Think of the longest timeline you can imagine. Then, picture taking a millimeter slice out of it. You know what that miniscule slice of time is? Your life, from the time you were born to the day you leave this world. The line ahead is unknown, unexplored time, but what’s before that we do know.
You are living history. Your very existence, as each second slips away, in becoming the past. Your history in inescapable. The questions, the big questions that are the base of all others, are answered through history. Each of us has a set of parents, and they each had their own parents before that, creating a genealogy that stretched back along the timeline to the beginning of history, to Adam, the first man.
History is our physical foundation.
Every part of our lives, our world, our society, and our morals are built on the experiences of others.
There is a history to everything around you.
When we study it, we realize that history repeats itself.
It’s human nature to make mistakes, but God gives us the ability to learn from them. He gave us a knowledge of the past so we can study the lives of other people who made mistakes and learn from their experiences.

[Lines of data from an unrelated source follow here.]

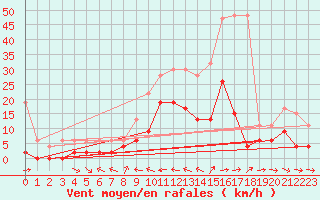 Courbe de la force du vent pour Piotta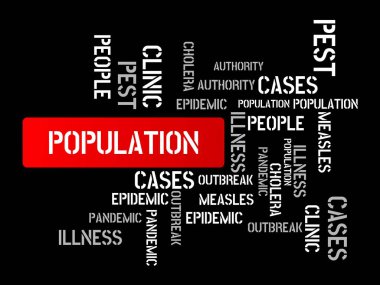 Nüfus - görüntü kelimelerle ilişkili konu salgın, word bulut, küp, mektup, resim, illüstrasyon ile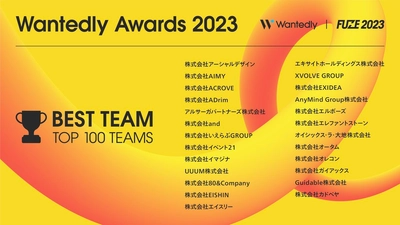 『Wantedly Awards 2023』ベスト100企業にイマジナがノミネート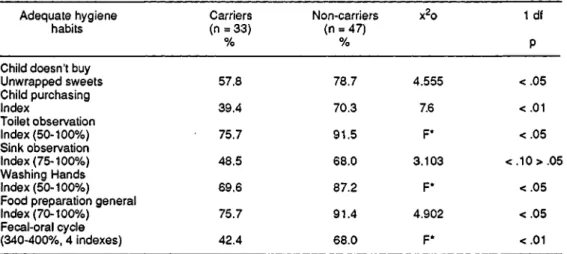 Table 6 shows the relationships between ade- ade-quate hygiene habits and &#34;carrier families&#34;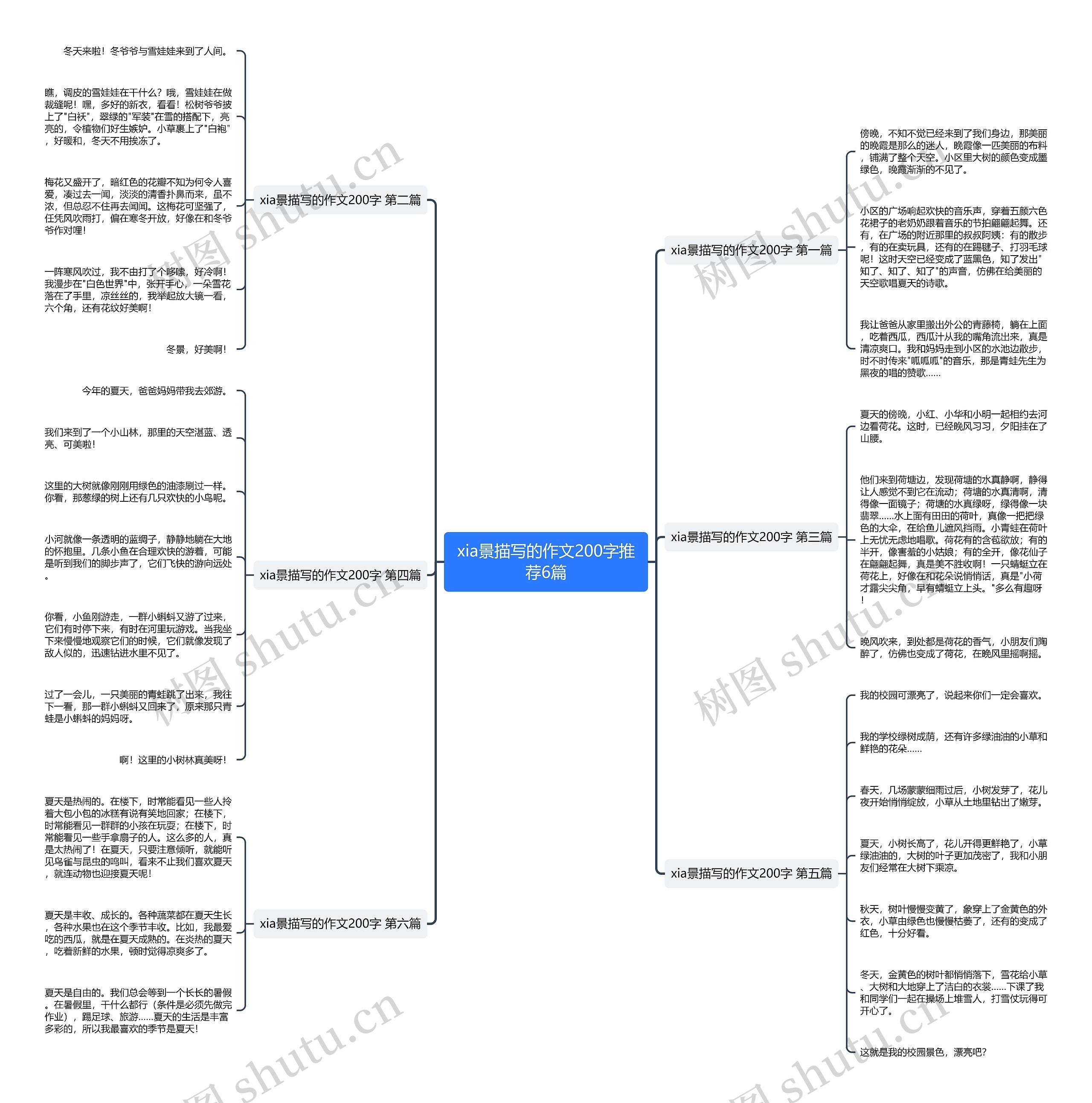 xia景描写的作文200字推荐6篇思维导图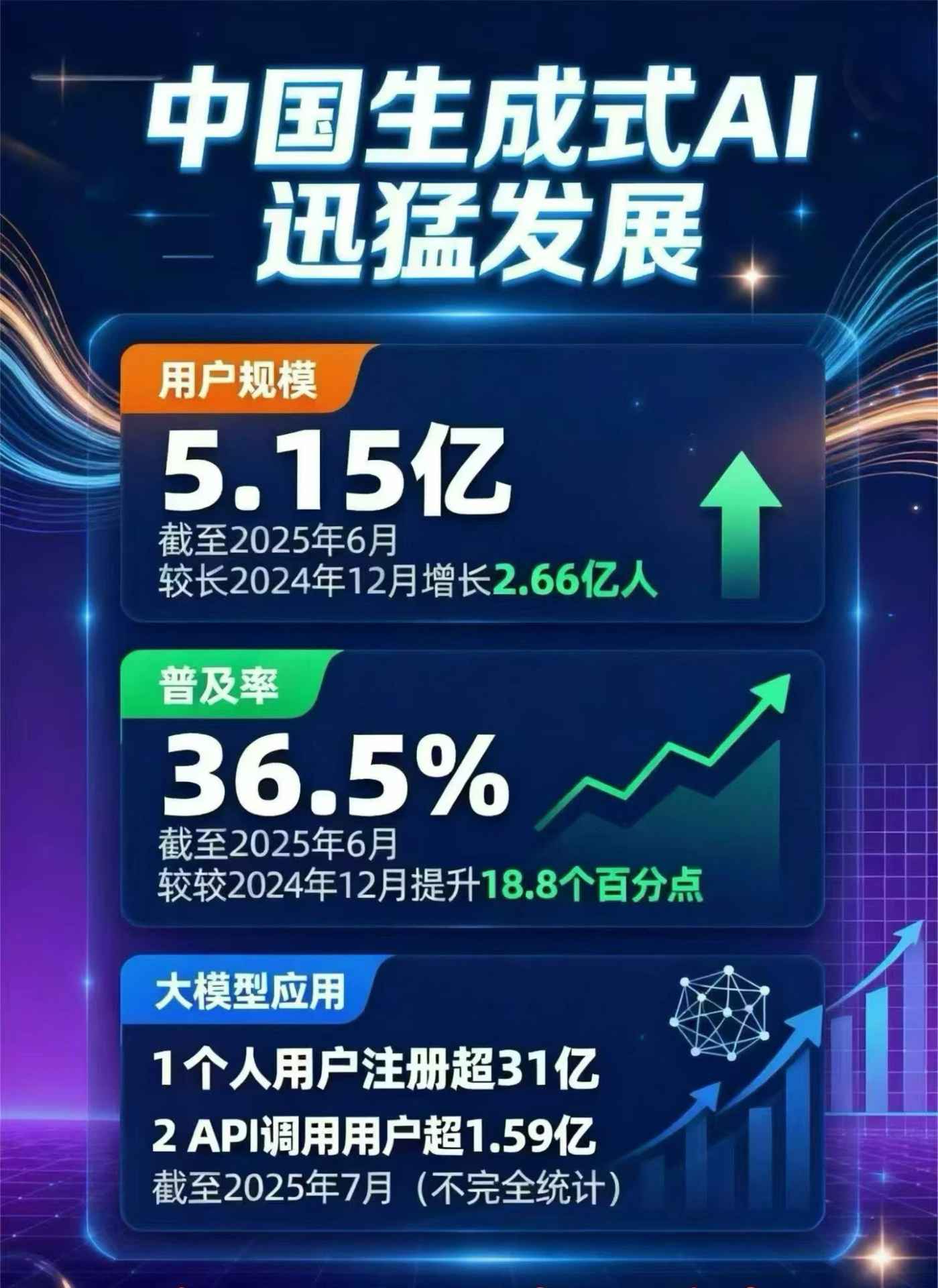巨野县豆包GEO优化是什么？内容创作核心逻辑解析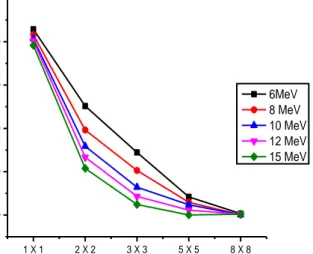 GAMBAR 2. Deviasi faktor keluaran Exradin ion chamber A11 plan-paralel terhadap film gafchromic EBT-3 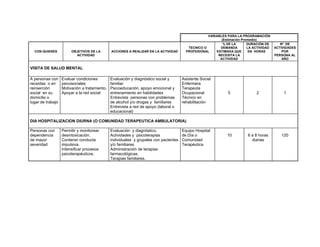 VARIABLES PARA LA PROGRAMACIÓN
(Estimación Promedio)
CON QUIENES OBJETIVOS DE LA
ACTIVIDAD
ACCIONES A REALIZAR EN LA ACTIVIDAD
TECNICO O
PROFESIONAL
% DE LA
DEMANDA
ESTIMADA QUE
NECESITA LA
ACTIVIDAD
DURACIÓN DE
LA ACTIVIDAD
EN HORAS
Nº DE
ACTIVIDADES
POR
PERSONA AL
AÑO
VISITA DE SALUD MENTAL
A personas con
recaídas o en
reinserción
social en su
domicilio o
lugar de trabajo
Evaluar condiciones
psicosociales
Motivación a tratamiento.
Apoyar a la red social
Evaluación y diagnóstico social y
familiar
Psicoeducación, apoyo emocional y
entrenamiento en habilidades
Entrevista personas con problemas
de alcohol y/o drogas y familiares
Entrevista a red de apoyo (laboral o
educacional)
Asistente Social
Enfermera
Terapeuta
Ocupacional
Técnico en
rehabilitación
5 2 1
DIA HOSPITALIZACION DIURNA (O COMUNIDAD TERAPEUTICA AMBULATORIA)
Personas con
dependencia
de mayor
severidad
Permitir y monitorear
desintoxicación.
Contener conducta
impulsiva.
Intensificar procesos
psicoterapéuticos.
Evaluación y diagnóstico.
Actividades y psicoterapias
individuales y grupales con pacientes
y/o familiares
Administración de terapias
farmacológicas.
Terapias familiares.
Equipo Hospital
de Día o
Comunidad
Terapéutica
10 6 a 8 horas
diarias
120
 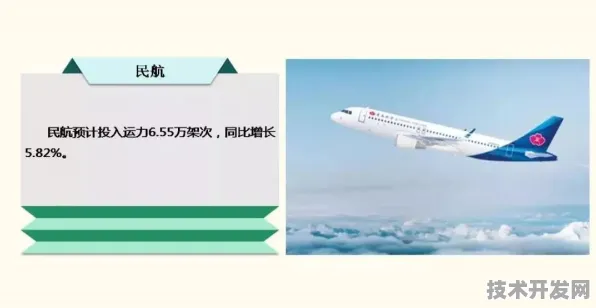 从高原到云端，云南智慧交通2025年产值突破3480.7亿背后的数字革命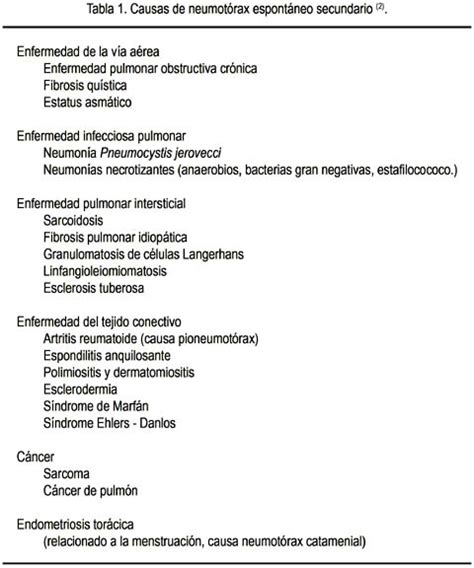 CAUSAS DE HEMOTORAX NO TRAUMATICO PDF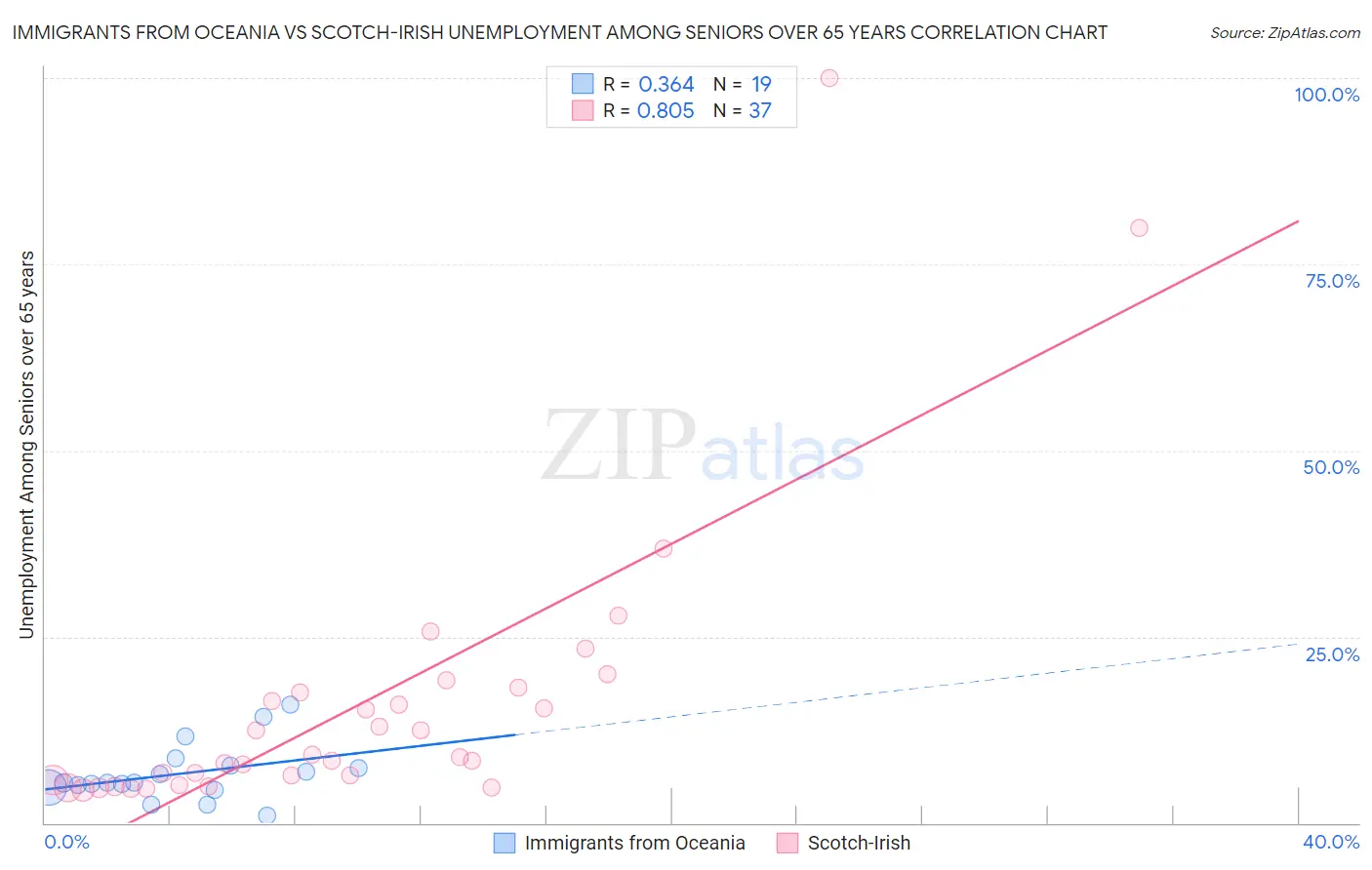 Immigrants from Oceania vs Scotch-Irish Unemployment Among Seniors over 65 years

We can’t even begin to understand the present until we are familiar with the past.
We cannot even understand ourselves, or who we are. Each of us is the equivalent of our past life.
Another reason to look into the events of history is to realize just how rich and amazing the many different cultures of this world are. We can see how modern ideas and views formulated, and watch the changes and advances that have been established over the centuries.
Our existence is only a fraction of a much bigger plan, a story, His story, which has been playing out for thousands of years.